Tesla Model 3 Max Production Looks To Be About 80,000 Units In 2017
Despite the positive news coming from Tesla and CEO Elon Musk on the recent fourth-quarter earnings call, Wall Street analysts are skeptical. There are concerns about the company’s ability to live up to production dates and subsequent efforts leading to volume production of the Model 3, and stocks are dropping.
What exactly are these “impossible” goals?
“So when we place parts orders with our suppliers, we’ve told them 1,000 a week in July, 2,000 a week in August, and 4,000 a week in September. These are parts orders. Then the parts need to arrive, and they need to be turned into a car and the car needs to be delivered to customers.”
According to Electrek, using the above information as a foundation, Tesla could produce about 80,000 Model 3 vehicles in 2017, under perfect conditions.
Let’s look at a rough estimate of the numbers, the way we see them, based on Musk’s statement:
- July – 4,000
- August – 8,000
- September – 16,000
- October – 16,000 (assuming there is not any additional ramp up in 2017, since Musk gave no indication of numbers beyond those for September)
- November – 16,000
- December – 16,000
- Total – 76,000
Electrek shows the ramp up as a continuous growing curve (since this is what Tesla has referenced) and factors in a 10-day delay for deliveries outside of the area surrounding Tesla’s Fremont factory. Either way, you come up with similar figures.

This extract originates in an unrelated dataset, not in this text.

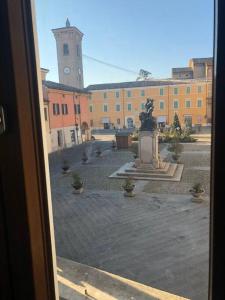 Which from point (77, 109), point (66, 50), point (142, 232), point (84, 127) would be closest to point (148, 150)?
point (142, 232)

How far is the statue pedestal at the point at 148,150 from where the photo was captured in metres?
6.94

For an even more reasonable estimate, if we account for production starting a month late, and the ramp up t0 16,000 per month coming another month late, we are looking at 52,000 Model 3s by the close of the year.
The chances of perfect conditions are nearly impossible, but it is interesting to see the potential. Keep in mind that upwards of 400,000 people put a deposit down on the Model 3 – and although we have no way of knowing how many people will follow through – this “perfect” situation would only cover 20 percent or less of those orders. Musk himself made it clear that perfect conditions will be difficult, mostly due to supplier delays. He admitted:
“It only has to be 1% and then we either have to make those parts manually at great cost or slow down the production rate. And it’s at great cost. We make something manually, as opposed through mass production, it can be 10, 20, 30 times more expensive.”
At the earnings call, Musk repeated what the company has mentioned time and time again:
“The rate of production is as fast as the slowest component in the vehicle. And when you have several thousand unique items, it can move as fast as the least likely and worst executing part of Tesla or our suppliers. That’s just the way it goes.”
But, for now, execution is moving forward as planned, and is intended to meet the aggressive timeline.
In order to be doubly sure that all goes as planned, Musk will be actively involved in many tasks in the coming months. This is not unlike that of the stories we heard in the past regarding the CEO having a sleeping bag and a desk in close proximity to the Model X production line.
There is a multitude of scenarios and variables at this point. Estimates and speculation are just that, and only time will tell. The fact that the company is in line to begin production on time, and has a significant ramp-up plan in place, is an achievement in and of itself. We shall see how it all plays out.